My Aunt Jan raises Monarch Butterflies. Not in a cage, or anything cruel. Basically, she seeds the wild areas of her land with Milkweed, providing the perfect habitat for little caterpillers.
Monarch Butterflies are easily the most recognized and beloved butterfly in the nation - so it might sadden you to know that these little darlings are being threatened.
A recent Discover Magazine article predicted they wouldn't be around much longer thanks to modern agriculture, industrial and residential land use destroying habitats along their migratory routes.
Every fall, millions of Monarchs from the western U.S. and Canada, migrate to the eucalyptus, monterey pine, and cypress groves of California. (Eastern state Monarchs migrate to Mexico.)
It's an epic journey for such a delicate little creature and this is where you come in.
In spring, they return, mating, breeding, and feeding all along the migratory route.
Because of their short lifespan,* butterflies that reach Canada are often a third generation removed from those that left California.
We can bring them back to plentiful numbers by growing milkweed - a plant critical to the lifecycle of the Monarchs.
Female monarchs can only lay their eggs on milkweed plants. If there is no milkweed, the gals cannot reproduce. Do them a favor and grow at least one milkweed plant in your yard.
Here are 3 good ones to try:
Common Milkweed - (A. syriaca) grows 5 feet tall, with fragrant lavender flowers. Spreads rapidly by rhizomes, so it requires a bit of work to keep it in check.

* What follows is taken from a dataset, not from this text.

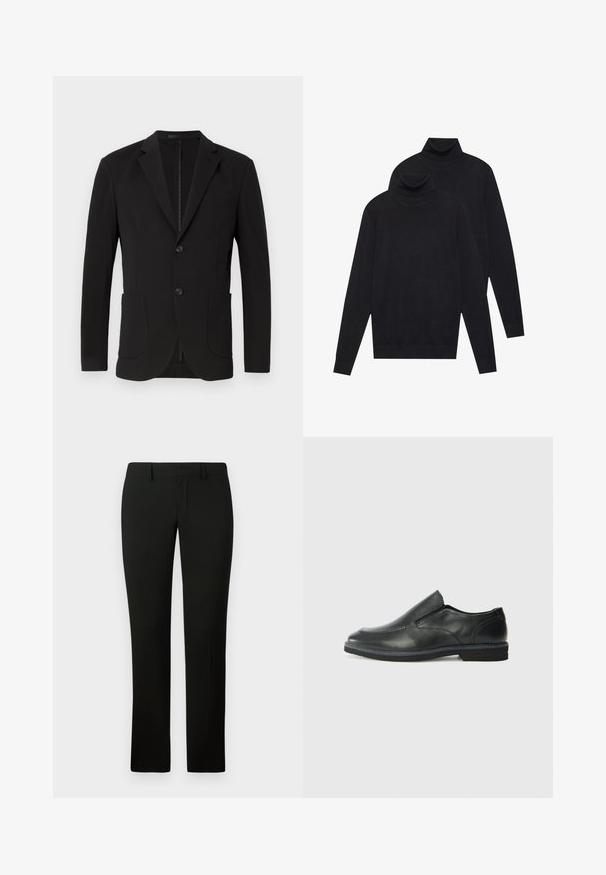 Must mustriga mustriga, kahe külje taskuga, rinna taskuga ja nööpiga kinnitusega. Sile kangas matta viimistlusega.; Kaks musta pikkade varrukatega kõrge kaelusega sviitrit, lihtne kudumine, asetatud üksteise peale, üks veidi teise taga, valgel taustal.; Mustad püksid kohandatud lõikega, sileda tekstuuri ja sirge säärega disainiga. Vöökoht on varustatud vöörihmadega ja puhta viimistlusega.; Must musta laia suuga king, millel on sile ülemine osa, õmmeldud detailid, ümmargune nina ja madal kummist konts. Tallal on minimaalne mustr.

Butterfly Milkweed - (A. tuberosa) is an Eastern and Southwestern native. Grows to 3 feet with showy orange, red, or yellow flowers. Prefers dry soil.
Showy Milkweed - (A. speciosa) is a tamer, western native. Grows to 4 feet with light pink flowers. Tolerates dry soil.
Do a little shopping at The Milkweed Cafe. Monarchs everywhere will thank you.
Grow a butterfly garden.
* The typical life span for a summer adult is 3-5 weeks. A migrating monarch, from the last generation in summer, can live to the ripe old age of eight months.
I, for one, would hate to see the summer when these beautiful creatures no longer grace our gardens. Let's all pitch in to save the Monarchs.